= Bal & Louis Meeùs =

Gin distillery in Belgium

Bal & Louis Meeùs (a.k.a. Distillerie Bal & L. Meeus) was a distillery in Antwerp formed after the 1959 merger of two earlier companies. The distillery operated until 2016.

== History ==
In 1957 Frans Hol and his wife took over Bal & Co. This company was formerly De Kroon distillery, which produced liqueurs and jenevers based on chemical infusions. Two years later Bal & Co. merged with the company Louis Meeùs and its associated distillery De Sleutel, whose liqueurs were based on herbs. The resulting company was named Bal & Louis Meeùs and it was originally located in Lamornièrestraat in Antwerp. Frans Hol stayed true to the traditions, recipes and methods of the distilleries he took over. His company's emblem was a fitting combination of the crown (Dutch: kroon) and key (Dutch: sleutel) of the acquired companies.
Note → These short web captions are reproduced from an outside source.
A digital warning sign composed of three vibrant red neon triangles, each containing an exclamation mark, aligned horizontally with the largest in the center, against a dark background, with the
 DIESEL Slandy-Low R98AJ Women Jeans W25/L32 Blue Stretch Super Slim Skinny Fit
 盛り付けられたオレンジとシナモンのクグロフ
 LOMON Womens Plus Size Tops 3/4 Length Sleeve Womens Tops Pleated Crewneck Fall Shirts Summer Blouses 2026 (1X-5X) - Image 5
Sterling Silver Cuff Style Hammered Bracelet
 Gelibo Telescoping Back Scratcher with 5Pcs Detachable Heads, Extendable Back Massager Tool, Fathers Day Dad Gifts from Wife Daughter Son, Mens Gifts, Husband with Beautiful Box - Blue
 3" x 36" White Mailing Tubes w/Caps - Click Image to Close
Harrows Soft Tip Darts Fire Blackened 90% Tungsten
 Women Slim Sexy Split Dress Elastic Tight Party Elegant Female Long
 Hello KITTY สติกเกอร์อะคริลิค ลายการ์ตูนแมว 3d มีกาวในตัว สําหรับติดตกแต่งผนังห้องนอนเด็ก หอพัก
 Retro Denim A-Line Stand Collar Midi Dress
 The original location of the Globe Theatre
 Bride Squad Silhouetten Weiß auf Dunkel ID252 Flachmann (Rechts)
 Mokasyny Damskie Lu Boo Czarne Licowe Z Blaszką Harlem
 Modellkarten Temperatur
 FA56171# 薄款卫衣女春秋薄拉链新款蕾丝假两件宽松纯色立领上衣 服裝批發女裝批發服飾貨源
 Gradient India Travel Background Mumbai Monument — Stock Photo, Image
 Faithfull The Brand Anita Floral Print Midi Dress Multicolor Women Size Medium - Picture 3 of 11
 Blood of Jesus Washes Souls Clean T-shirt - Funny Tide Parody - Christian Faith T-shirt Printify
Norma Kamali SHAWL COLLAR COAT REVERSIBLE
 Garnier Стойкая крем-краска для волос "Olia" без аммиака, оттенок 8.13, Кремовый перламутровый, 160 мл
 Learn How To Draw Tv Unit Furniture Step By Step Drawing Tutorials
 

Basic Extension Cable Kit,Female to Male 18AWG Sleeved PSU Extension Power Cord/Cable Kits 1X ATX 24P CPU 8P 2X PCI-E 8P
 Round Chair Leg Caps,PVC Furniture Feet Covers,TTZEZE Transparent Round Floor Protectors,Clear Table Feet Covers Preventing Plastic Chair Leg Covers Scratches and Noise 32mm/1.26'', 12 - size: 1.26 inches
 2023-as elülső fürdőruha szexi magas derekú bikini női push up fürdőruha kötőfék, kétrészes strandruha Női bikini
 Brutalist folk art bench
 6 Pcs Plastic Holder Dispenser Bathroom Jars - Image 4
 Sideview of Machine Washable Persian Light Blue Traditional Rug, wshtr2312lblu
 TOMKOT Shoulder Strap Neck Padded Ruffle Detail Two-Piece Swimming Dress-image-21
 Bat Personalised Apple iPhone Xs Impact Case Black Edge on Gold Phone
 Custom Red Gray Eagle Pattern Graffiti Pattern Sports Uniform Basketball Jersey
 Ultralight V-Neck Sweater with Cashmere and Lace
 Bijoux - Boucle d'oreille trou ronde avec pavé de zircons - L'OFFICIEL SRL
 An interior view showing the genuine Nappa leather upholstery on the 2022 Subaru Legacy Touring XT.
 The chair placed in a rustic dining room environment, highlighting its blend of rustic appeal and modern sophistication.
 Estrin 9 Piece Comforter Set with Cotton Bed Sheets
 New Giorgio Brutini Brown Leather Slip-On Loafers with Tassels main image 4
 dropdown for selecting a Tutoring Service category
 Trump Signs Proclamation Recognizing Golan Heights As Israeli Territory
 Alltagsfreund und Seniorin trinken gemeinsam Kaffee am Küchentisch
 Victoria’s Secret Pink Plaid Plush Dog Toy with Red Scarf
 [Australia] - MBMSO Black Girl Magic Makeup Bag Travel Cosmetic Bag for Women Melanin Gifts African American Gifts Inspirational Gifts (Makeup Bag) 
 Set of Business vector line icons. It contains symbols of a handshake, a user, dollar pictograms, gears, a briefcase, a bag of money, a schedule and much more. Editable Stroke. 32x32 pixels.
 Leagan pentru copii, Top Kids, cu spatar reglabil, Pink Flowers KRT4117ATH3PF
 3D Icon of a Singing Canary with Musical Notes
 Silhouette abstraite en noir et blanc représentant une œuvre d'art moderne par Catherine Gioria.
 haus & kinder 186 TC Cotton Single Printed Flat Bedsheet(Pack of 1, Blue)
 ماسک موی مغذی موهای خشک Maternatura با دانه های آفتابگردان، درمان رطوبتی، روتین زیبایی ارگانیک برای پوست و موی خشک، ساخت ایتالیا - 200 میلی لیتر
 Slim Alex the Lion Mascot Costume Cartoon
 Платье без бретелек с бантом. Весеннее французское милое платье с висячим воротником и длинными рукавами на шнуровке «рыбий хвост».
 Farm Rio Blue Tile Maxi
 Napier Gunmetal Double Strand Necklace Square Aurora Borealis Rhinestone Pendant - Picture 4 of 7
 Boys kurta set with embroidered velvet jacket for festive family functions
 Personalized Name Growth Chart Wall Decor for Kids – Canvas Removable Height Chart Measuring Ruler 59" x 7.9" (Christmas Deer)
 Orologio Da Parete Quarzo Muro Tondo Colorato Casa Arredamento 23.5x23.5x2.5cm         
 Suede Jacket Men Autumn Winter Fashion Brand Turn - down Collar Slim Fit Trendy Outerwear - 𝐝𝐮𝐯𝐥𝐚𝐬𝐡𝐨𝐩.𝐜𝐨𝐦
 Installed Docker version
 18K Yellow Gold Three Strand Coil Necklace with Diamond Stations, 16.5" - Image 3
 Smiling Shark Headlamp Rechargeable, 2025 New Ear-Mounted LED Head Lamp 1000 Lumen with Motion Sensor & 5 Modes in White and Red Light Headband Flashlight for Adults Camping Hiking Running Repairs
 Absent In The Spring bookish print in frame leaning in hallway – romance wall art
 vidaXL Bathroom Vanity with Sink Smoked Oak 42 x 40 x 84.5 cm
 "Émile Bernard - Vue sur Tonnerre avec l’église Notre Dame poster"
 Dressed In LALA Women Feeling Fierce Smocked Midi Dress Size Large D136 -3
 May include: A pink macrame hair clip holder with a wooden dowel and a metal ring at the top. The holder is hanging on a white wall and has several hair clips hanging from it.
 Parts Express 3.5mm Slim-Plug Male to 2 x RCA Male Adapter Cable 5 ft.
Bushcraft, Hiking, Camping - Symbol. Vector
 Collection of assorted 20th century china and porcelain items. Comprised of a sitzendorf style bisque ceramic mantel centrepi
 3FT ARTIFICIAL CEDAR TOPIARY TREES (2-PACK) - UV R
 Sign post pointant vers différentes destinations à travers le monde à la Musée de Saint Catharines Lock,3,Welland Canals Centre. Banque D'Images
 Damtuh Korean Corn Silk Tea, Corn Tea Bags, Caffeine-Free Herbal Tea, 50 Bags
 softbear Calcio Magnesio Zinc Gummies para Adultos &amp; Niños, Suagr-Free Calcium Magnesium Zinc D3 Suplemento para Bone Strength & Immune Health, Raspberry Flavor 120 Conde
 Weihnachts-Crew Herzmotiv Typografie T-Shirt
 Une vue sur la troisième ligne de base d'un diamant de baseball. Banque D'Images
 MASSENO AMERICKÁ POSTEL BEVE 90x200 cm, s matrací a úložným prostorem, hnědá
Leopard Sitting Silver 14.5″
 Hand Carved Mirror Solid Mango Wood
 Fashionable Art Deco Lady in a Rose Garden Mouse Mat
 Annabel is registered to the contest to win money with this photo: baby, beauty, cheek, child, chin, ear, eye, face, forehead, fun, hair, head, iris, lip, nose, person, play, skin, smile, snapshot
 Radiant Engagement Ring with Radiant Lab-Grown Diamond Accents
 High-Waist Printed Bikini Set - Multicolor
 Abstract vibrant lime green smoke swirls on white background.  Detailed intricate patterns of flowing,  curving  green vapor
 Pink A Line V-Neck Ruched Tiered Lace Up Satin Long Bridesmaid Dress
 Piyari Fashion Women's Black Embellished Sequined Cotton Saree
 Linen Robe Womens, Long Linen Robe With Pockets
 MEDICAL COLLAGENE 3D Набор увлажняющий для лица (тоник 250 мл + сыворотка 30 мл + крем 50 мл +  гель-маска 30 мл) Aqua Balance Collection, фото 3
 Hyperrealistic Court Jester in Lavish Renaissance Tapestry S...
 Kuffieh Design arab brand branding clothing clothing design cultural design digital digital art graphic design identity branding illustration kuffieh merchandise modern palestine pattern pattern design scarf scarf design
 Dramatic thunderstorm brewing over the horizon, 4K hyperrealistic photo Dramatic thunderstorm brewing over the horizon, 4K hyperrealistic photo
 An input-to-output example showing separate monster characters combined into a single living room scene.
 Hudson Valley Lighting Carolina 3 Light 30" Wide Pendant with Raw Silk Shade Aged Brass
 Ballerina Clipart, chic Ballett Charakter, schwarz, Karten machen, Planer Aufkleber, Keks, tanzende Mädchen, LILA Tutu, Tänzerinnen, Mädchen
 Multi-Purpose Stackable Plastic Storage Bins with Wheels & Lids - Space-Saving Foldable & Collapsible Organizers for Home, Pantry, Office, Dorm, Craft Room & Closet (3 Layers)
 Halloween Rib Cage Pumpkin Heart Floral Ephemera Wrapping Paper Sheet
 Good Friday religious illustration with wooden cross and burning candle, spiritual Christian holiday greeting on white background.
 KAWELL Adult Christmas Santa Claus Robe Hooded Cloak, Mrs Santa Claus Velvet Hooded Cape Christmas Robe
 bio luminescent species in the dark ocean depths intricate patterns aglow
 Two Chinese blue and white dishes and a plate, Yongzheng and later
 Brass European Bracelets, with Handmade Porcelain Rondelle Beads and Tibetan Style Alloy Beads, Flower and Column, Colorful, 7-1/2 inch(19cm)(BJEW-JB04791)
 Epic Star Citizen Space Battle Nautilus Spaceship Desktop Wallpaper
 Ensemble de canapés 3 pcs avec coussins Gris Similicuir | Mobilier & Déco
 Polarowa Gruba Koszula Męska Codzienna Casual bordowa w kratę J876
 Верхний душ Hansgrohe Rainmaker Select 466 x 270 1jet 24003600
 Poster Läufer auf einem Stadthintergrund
The growing success of the company over the next twenty years forced it to look for larger premises. In 1981, a suitable location was found on Autolei in Wommelgem.

Bal & Louis Meeùs operated until 2016, when Vinoherck took over the stocks, brands, trademarks and distilled beverage recipes in Bal & Louis Meeùs's portfolio. In 2024 Vinoherck is still active.

== Products ==
The company produced a varied assortment of Antwerp jenevers, among them:

- De Oude Beste: a fine jenever, made from top quality grains. Distilled since 1894, it had been awarded the highest distinction at the Antwerp International Exhibition.
- De Witte Bitter: a fine, bitter gin that had its origins in a formula that W. Grube devised in Borgerhout in 1835.
- De Zuivere Oude: a grain jenever acquired from the company Bal & Co.

Although jenevers were their primary product, Bal & Louis Meeùs also produced a variety of other alcoholic beverages. Liqueurs, such as different types of curacao and cherry brandy, for instance. The company also had a selection of cognacs, rum and a varied assortment of wines.